### Data excerpts ###
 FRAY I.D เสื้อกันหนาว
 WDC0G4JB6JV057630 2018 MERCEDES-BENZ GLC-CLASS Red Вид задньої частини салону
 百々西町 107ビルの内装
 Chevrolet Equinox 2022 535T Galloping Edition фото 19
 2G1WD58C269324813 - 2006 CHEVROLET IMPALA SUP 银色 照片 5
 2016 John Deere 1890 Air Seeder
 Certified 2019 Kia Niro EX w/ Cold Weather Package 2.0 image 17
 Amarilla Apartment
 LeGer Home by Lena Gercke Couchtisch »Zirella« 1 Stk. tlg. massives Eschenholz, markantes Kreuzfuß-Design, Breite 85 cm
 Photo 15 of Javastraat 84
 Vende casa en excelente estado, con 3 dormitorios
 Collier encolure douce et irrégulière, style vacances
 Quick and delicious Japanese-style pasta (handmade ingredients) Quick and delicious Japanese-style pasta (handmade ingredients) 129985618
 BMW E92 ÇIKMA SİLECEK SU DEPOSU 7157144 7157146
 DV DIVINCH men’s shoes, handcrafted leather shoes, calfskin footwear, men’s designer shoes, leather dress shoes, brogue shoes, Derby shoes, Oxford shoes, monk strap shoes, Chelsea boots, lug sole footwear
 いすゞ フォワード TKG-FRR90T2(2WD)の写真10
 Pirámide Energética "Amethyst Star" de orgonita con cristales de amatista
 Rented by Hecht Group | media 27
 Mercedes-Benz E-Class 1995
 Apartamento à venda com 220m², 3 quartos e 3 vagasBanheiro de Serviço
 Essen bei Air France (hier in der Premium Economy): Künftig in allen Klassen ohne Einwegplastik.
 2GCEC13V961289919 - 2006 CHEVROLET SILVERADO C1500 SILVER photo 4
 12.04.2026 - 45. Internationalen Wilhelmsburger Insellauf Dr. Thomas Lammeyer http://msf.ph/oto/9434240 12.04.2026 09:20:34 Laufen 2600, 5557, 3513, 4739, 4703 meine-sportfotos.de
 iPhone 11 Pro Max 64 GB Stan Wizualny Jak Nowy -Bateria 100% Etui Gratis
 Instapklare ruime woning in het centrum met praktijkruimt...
###
- **Exercise instructions**
Scan each line above for the string "style". Give the tally and nothing else.

- **Reply to the task**
2